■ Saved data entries

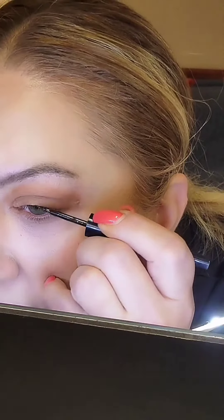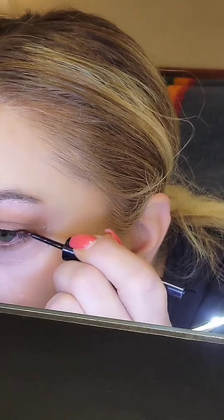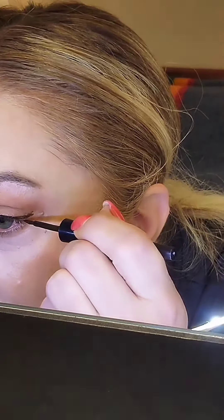Want to do a simple eyeliner? I got you. Okay, this is easy. All we're going to do is take our eyeliner, and I start by placing it just on the lash line and then take it out. Don't worry if it's a little messy — the line is gonna get cleaned up.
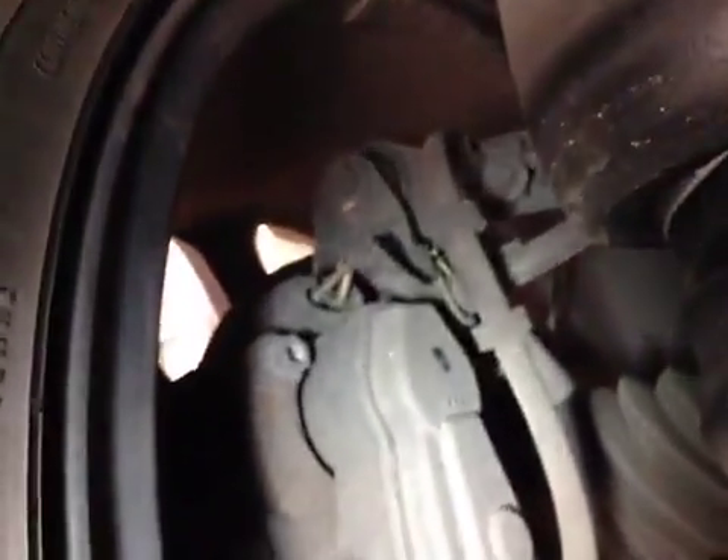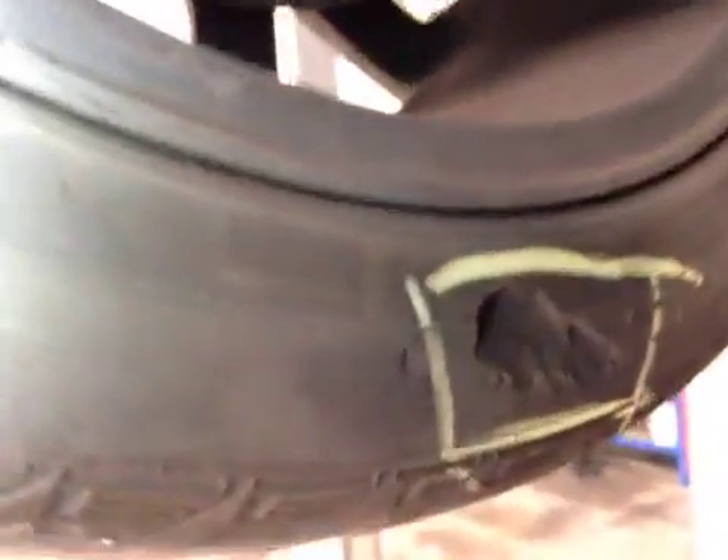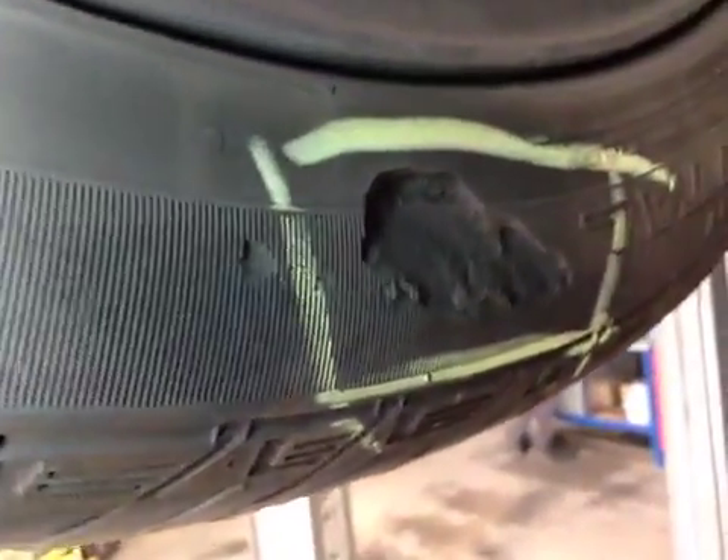Crossing to the near side rear tyre and suspension. Suspension has no play. There are signs of damage on the inner edge. There also appears to be damage to the outer edge of the tyre.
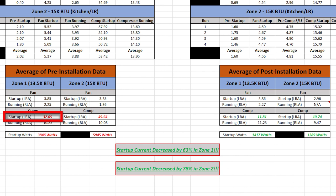My zone one compressor alone drew 32.05 amps of surge current on startup. My zone two unit drew almost 50 amps of surge current. Converting to watts, that's about 3,850 watts on zone one and about 5,950 watts on zone two.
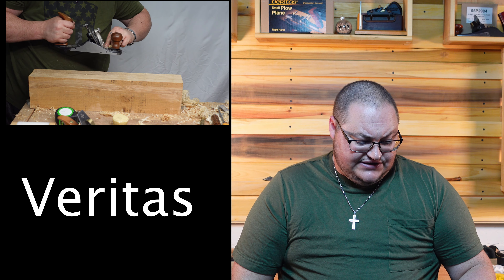If you have a Lee Nielsen plane, I wouldn't say go buy a Veritas and put a 55 in it. Just get a 55 degree frog and swap them out when you need them. But on the same note, I have two different planes — one at 55, one at 45 — because I'm lazy.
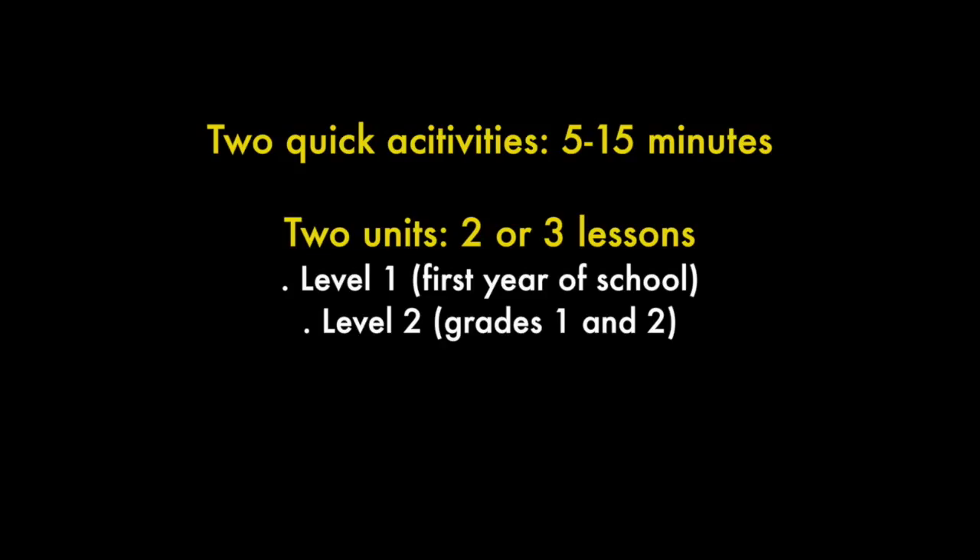Welcome to this workshop. My name is Ros McMillan and I'm going to take you through a series of activities that you can do with your students. There'll be two quick activities, they'll take from 5 to 15 minutes, and two units of work. One is for level one, the first year of school, and the other is for level two, grades one and two.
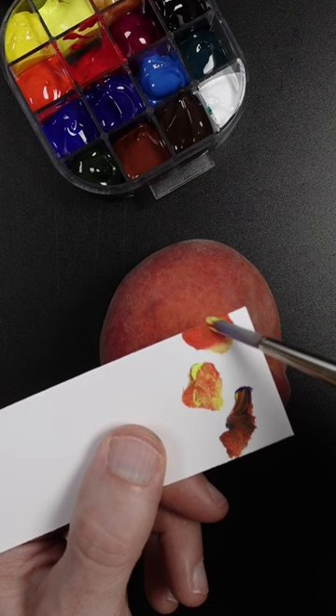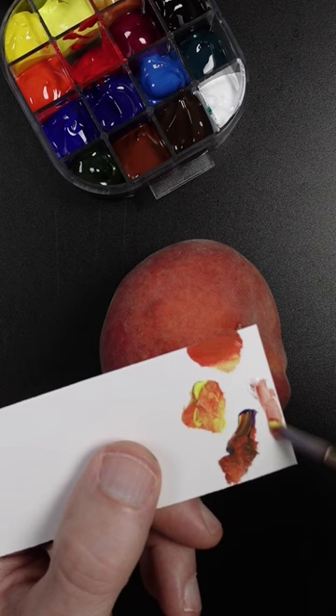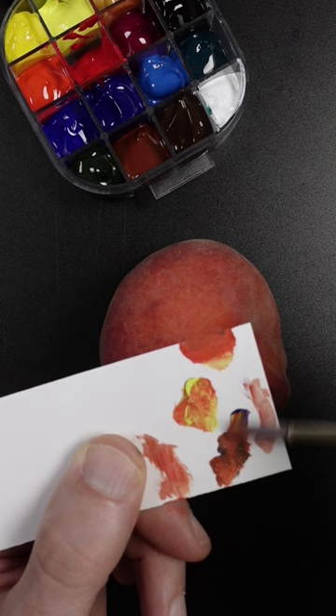That'll make it a little bit darker. I think a touch of titanium white — this is really opaque so I don't want to add too much. A little bit more blue to make it darker. That looks pretty good.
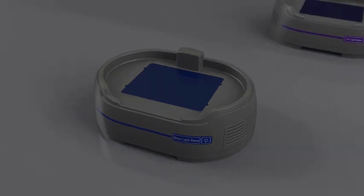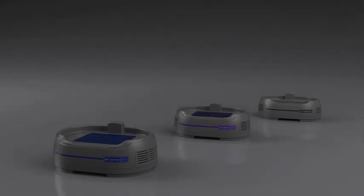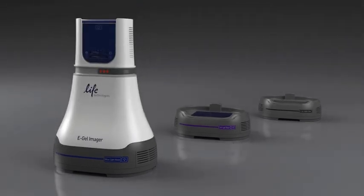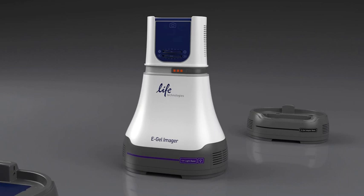The first component of the eGel Imager system is a choice of three interchangeable bases. The blue light base provides strong, uniform, visible blue light transillumination that can be used to excite innovative cyber dyes, like those found in eGel EX gels or in CyberSafe stain. Next, there's the UV light base, best for traditional ethidium bromide stain gels.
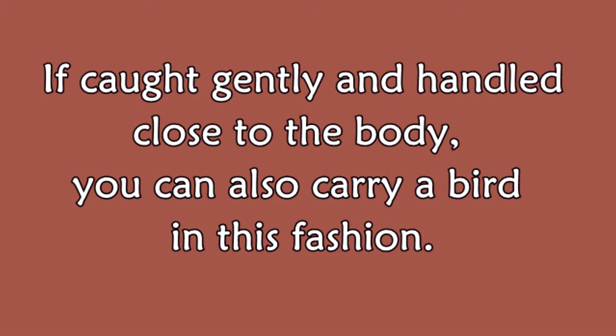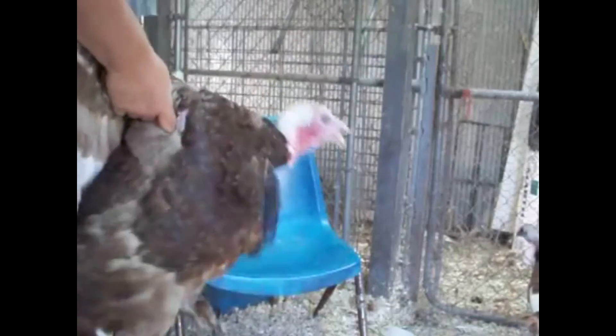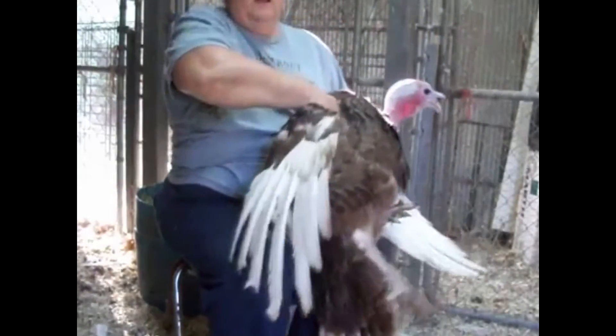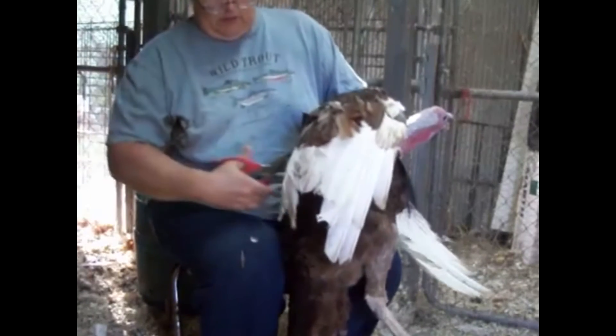Okay, this is the hold that I was describing to you guys earlier. You catch them right by the base of their wings. They're strong enough that that does not hurt them. The main thing is you want to keep the birds safe, but you don't want to get scratched and pecked and hurt either.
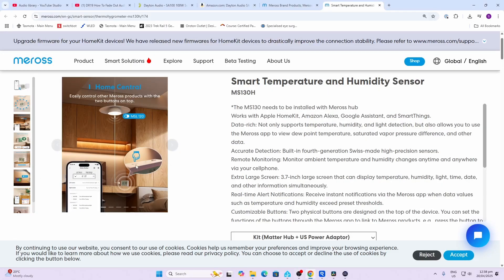The MS103H matter-based smart temperature and humidity sensor from Meross looks really cool on my bedside table. It also offers time and date, as well as a lux measurement, and two programmable action buttons on top of the device.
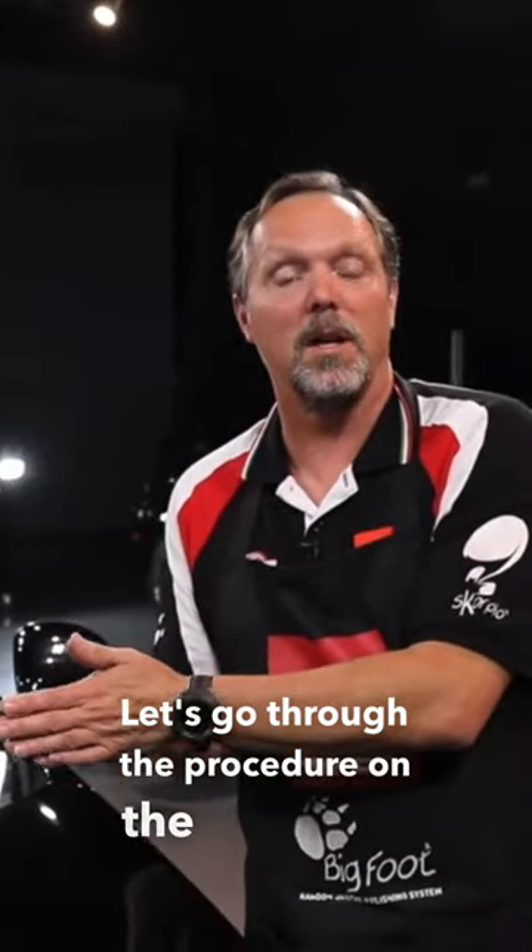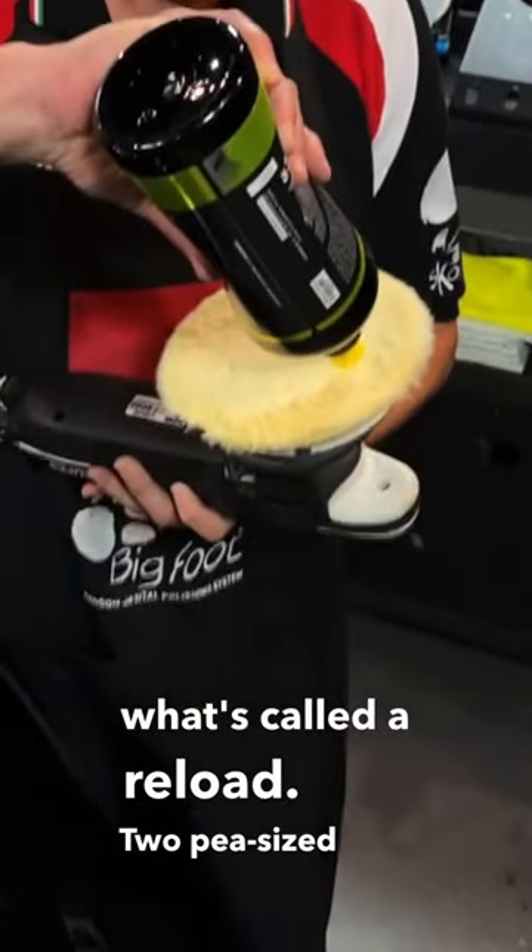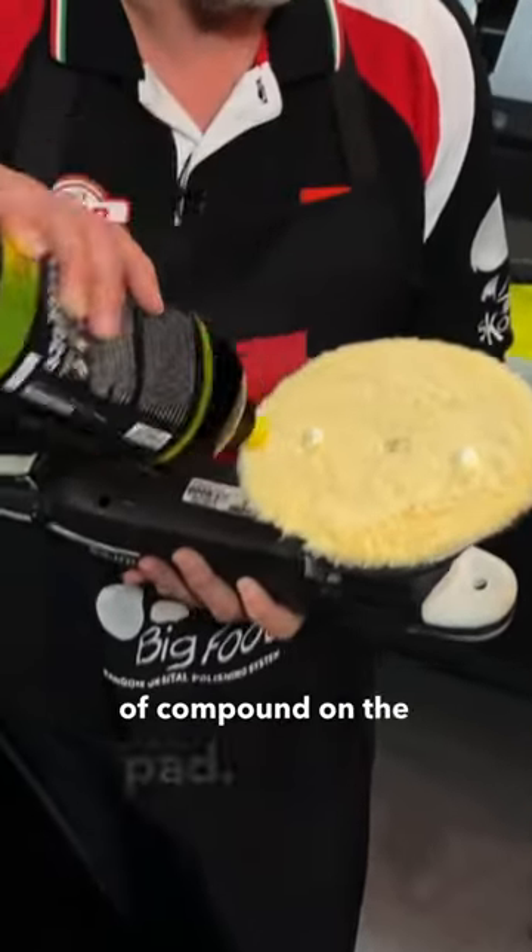Let's go through the procedure on the test spot. We have already primed our pad, so we're doing now what's called a reload — two pea-sized dots of compound on the pad.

■ EXERCISE AIM
Only the lines from the one containing "The first component" through the end of the records should be copied, exactly and with both ends included; the pictures should not.

■ FINISHED EXERCISE
The first component of the eGel Imager system is a choice of three interchangeable bases. The blue light base provides strong, uniform, visible blue light transillumination that can be used to excite innovative cyber dyes, like those found in eGel EX gels or in CyberSafe stain. Next, there's the UV light base, best for traditional ethidium bromide stain gels.
Okay, this is the hold that I was describing to you guys earlier. You catch them right by the base of their wings. They're strong enough that that does not hurt them. The main thing is you want to keep the birds safe, but you don't want to get scratched and pecked and hurt either.
The MS103H matter-based smart temperature and humidity sensor from Meross looks really cool on my bedside table. It also offers time and date, as well as a lux measurement, and two programmable action buttons on top of the device.
Let's go through the procedure on the test spot. We have already primed our pad, so we're doing now what's called a reload — two pea-sized dots of compound on the pad.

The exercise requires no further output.